I'll try and find an example to clarify this a bit...but if you have questions I'll do my best to explain...

EDIT: Still looking for the examples...


----------



## SlySniper (Oct 11, 2005)

Like this?








If you want to know all the stuff I used just ask me.


----------



## Corry (Oct 11, 2005)

That's awesome!


----------



## SlySniper (Oct 11, 2005)

core_17 said:
			
		

> That's awesome!


 
Thanks!!   I took me a while to get all the stuff, I thinka round 30 minutes.


----------



## Nikon Fan (Oct 11, 2005)

Just like that  Very cool and thanks for posting it, now I can quit trying to find that example


----------



## LaFoto (Oct 12, 2005)

Well, you know that I take the Assignments quite seriously and always try to produce something new that goes with the theme, but for this - and only at the very beginning, I will get creative for this one, too!!! - I would so want to present this one once again: 






Ha, who played with his food here? Hm? Hm?


----------



## Corry (Oct 12, 2005)

That's awesome too Corinna!

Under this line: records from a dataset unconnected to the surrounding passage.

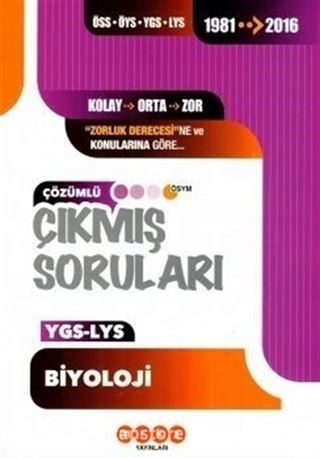 YGS-LYS Biyoloji Çözümlü Çıkmış Soruları 1981-2016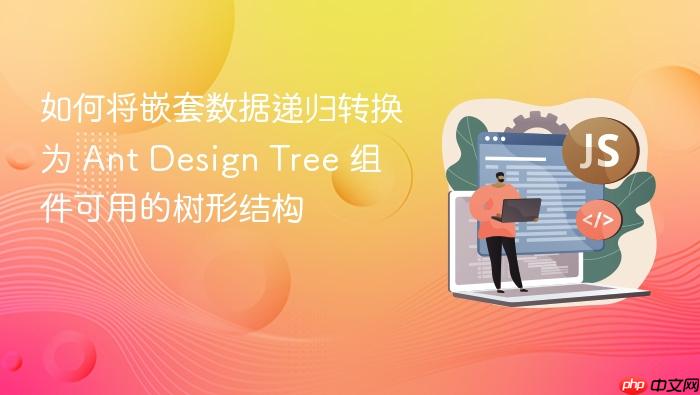 如何将嵌套数据递归转换为 Ant Design Tree 组件可用的树形结构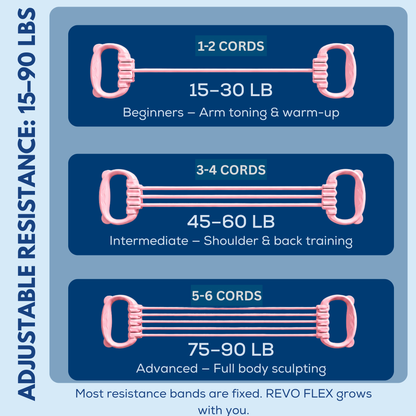 Resistance Band FLEX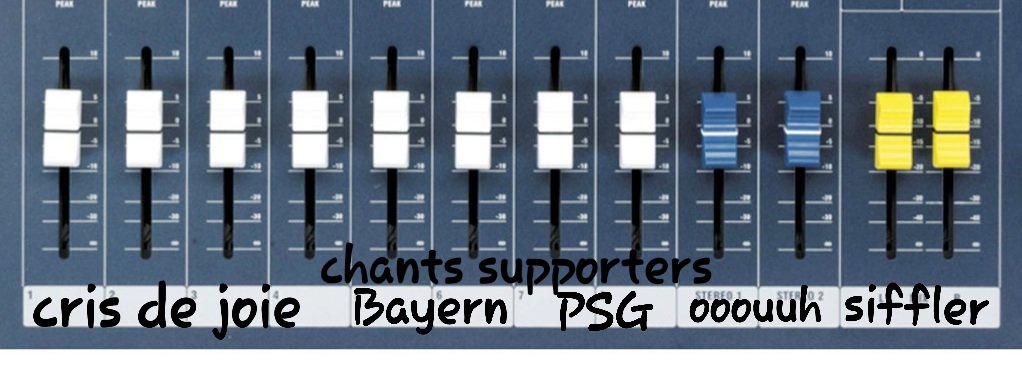 Camille13Martin's tweet photo. Le gars qui s'occupe de mettre l'ambiance dans un stade vide j'imagine sa table de mixage comme ça #PSGBayern https://t.co/p4gSA2oaP6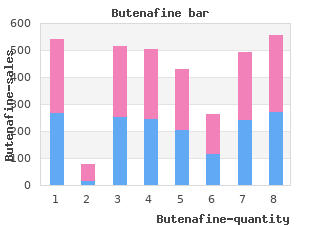 order butenafine 15mg otc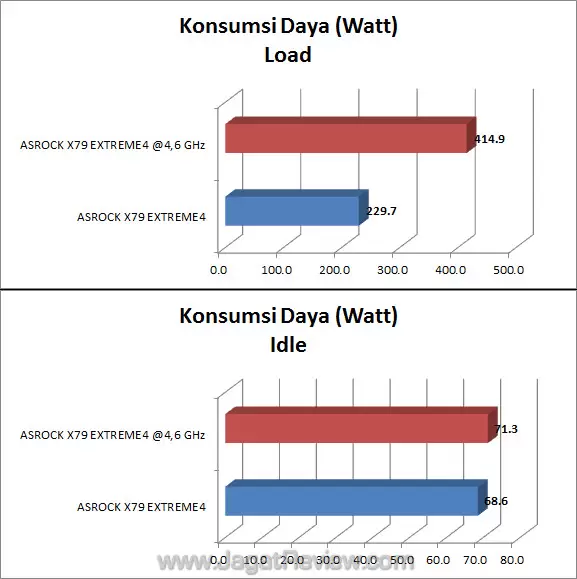 asrock x79 extreme4 watt asrock x79 extreme4 watt
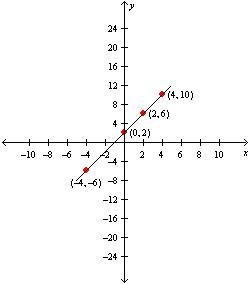 Graph the given relation or equation and find the domain and range. Then determine-example-1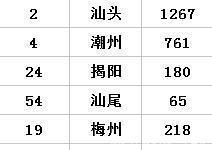  【经商】福布斯发布中国经商最厉害地区排行榜！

You guys rock!  I really need to get some time to do some of these challenges!


----------



## LaFoto (Oct 12, 2005)

The thing about this is - it is not new.
But I will come up with something new! Big promise!


----------



## ClickCrazy (Oct 14, 2005)

Hi everyone...I have been away for some time..Taking care of some personal matters..Now I am back and up ffor a challenge. Just give me a day or so to come up with something.

RJ


----------



## LaFoto (Oct 15, 2005)

Well, I have never forgotten about this week's assignment, and when my daughter came up with the "L-peanut" tonight, I knew what I had to do:






And although this is not really the place, I want to show you the "peanut-duckie" that adorns the end of the LaFoto-in-peanuts (with the F creatively put together by my son!), watching TV or me, the photographer, and the L-peanut as a close-up:





















No flash used in any of these, and only fun with the newly detected manual focus in the last four .
These assignments are such fun.
A pity that it's mostly just me who really cares.......


----------



## bethany138 (Nov 7, 2005)

question.. hmm.??   How did you get the peanut to stand up.. lol.


----------



## bethany138 (Nov 7, 2005)

also.. does it work for elephants!? lol. yeah.. that was corny.


----------



## Jeff Canes (Sep 19, 2007)

bump


----------